How much do you practice?(Hours a week)

Re: Playing fast on the fiddle

good, earl cameron. i’m halfway there…

Re: Playing fast on the fiddle

What I mean is, go through the tune slowly and try to find a few different ways to bow through the tricky phrases. Practice bowing every which way. If you fall out of rhythm, go over that bowing and perfect it or think of other ways to bow that are more practical. Inability to play fast on the fiddle usually means you aren’t coordinating your bow accurately. I like to take a tune that is hard to bow like O’Rourke’s and do free form bowing (breaking patterns). It’s a good example because if you try to bow it only one way it will start to sound stale, and the bow tends to be very "up driven" as a Scottish fiddler would say, as opposed to a typical reel where the bow is more "down-driven" as I would call it. When you’re practicing bowings that break from your usual patterns you want to practice slower than you will eventually play the tune in a session, and you want to do this so you have time to rescue your bow from unpredictable bowing movements and to stay on rhythm.

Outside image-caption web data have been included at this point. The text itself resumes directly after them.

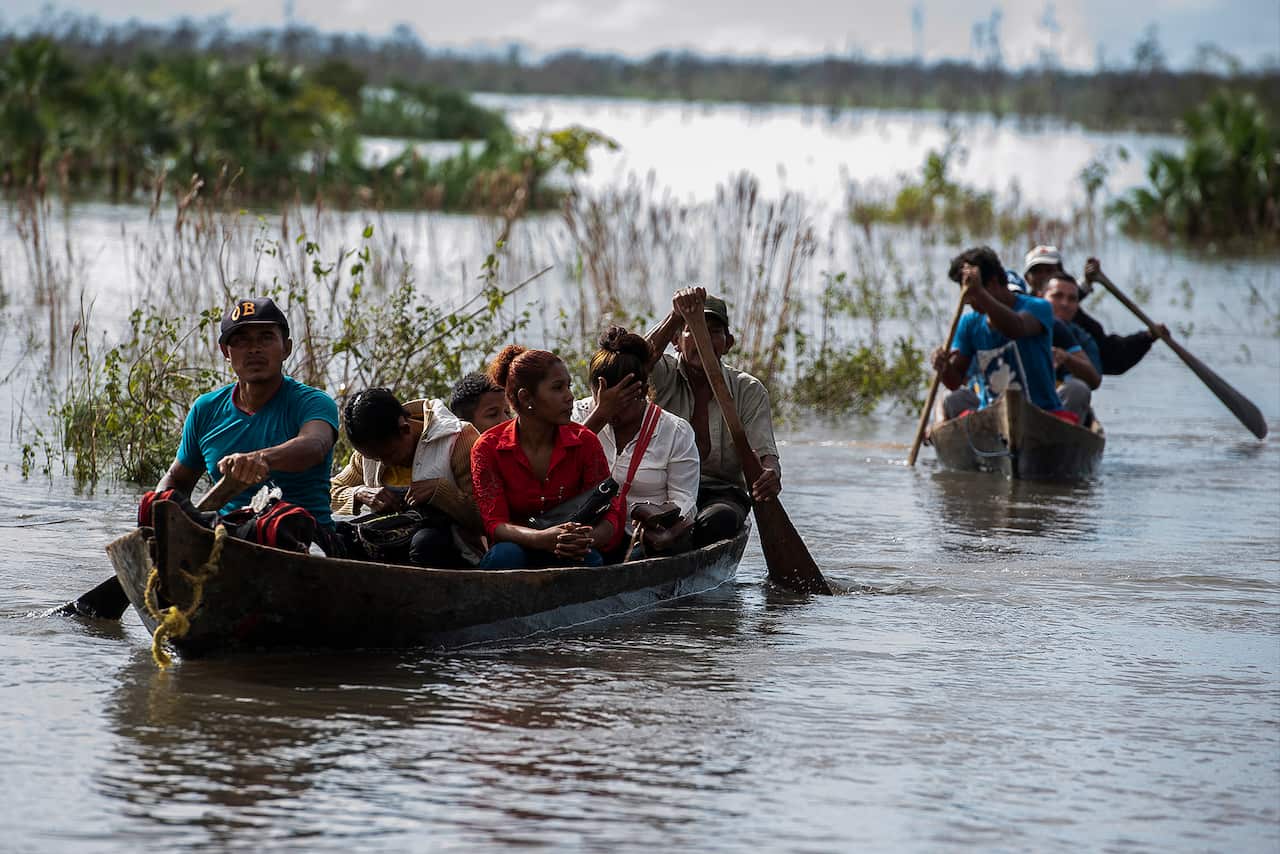 People of the Wawa Bum community are transported across the overflowed Wawa river after the passage of Hurricane Iota on 19 November in Bilwi, Nicaragua.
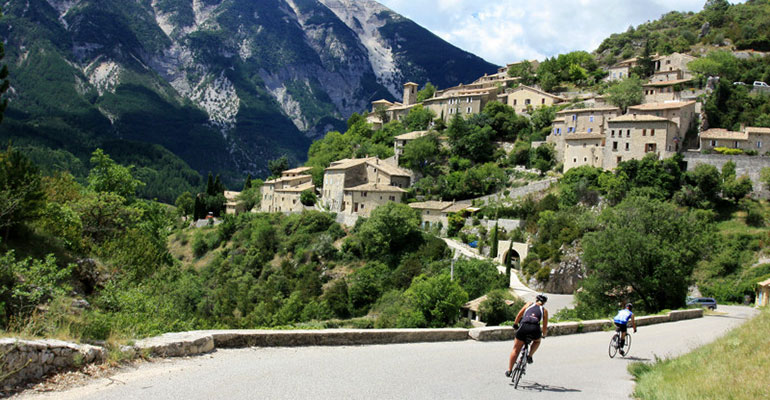 2 cyclistes descendent à vélo et arrivent dans un village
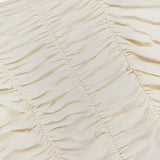 The Mixie Ruched Bodysuit by L'AGENCE features cream-colored stretch mesh with vertical gathered seams for a textured, slightly wrinkled look.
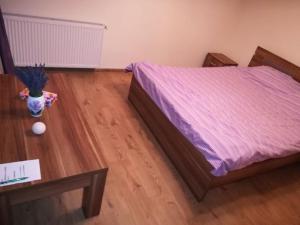 een slaapkamer met een bed en een houten vloer bij Untold 2024 - 3-room apartment with garden for 6-8 person, 2 private parking in Cluj-Napoca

Re: Playing fast on the fiddle

Oh and some tunes are just going to be naturally harder to play fast than others. For example, tunes like Earl’s Chair and Morning Dew are very easy for me to play fast, and to do so with solid rhythm. Whereas tunes like the Traveller or Swinging on a Gate (maybe because the key of G often requires more string crossing) I like to take at a more relaxed pace.

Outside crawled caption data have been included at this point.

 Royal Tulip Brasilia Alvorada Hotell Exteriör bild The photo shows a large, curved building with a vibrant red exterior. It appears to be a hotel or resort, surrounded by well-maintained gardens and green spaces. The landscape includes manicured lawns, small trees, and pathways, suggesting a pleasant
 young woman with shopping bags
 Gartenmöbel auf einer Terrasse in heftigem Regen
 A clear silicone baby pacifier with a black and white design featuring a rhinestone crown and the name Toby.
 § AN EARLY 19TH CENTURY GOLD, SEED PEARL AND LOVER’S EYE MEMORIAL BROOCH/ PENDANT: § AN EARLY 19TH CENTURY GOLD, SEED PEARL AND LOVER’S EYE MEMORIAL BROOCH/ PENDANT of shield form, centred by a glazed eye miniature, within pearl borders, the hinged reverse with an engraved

Re: Playing fast on the fiddle

It’s a big question, and one that all violin players, folk, classical, or what-have-you, ask fairly early on their career. A big question, which demands a really big answer which I regret you’re not going to get from me here :-(, but here are some thoughts …

Relaxed playing, and by "relaxed" I mean an absence of stiffness in the arms, hands and fingers, and in general posture, whether standing or sitting.

Bow hold and the way the left hand and arm supports the fiddle (not grips it).

As far as possible, getting fingers in place before they’re actually needed - this is especially important when string crossings are involved.

Using as little pressure with the left fingers as you can get away with. Beginners are sometimes surprised to learn how little you need to press the string in order to get a clear note. It’s comparatively rarely that you need to take the string right down to the fingerboard, and if you are always doing that it’s going to slow down your finger action.significantly (as well as causing tiredness in the long run). Closely connected with this is the concept of keeping the fingers low on the strings. A finger dropping from on high onto the string takes longer than a finger that is poised just above the string, needs more energy for the movement, and is that little more difficult to coordinate with the bowing..

Those are just a few points in a big subject, but the real answer lies in face-to-face tuition from a good teacher because there are far too many individual factors to be addressed in a forum such as this (bow hold, left hand, etc). If you go along this road don’t be surprised if a good teacher takes you back to square one, completely deconstructs what you’ve been doing so far, and rebuilds it from new. It’s well worth it, as I know from my own experience.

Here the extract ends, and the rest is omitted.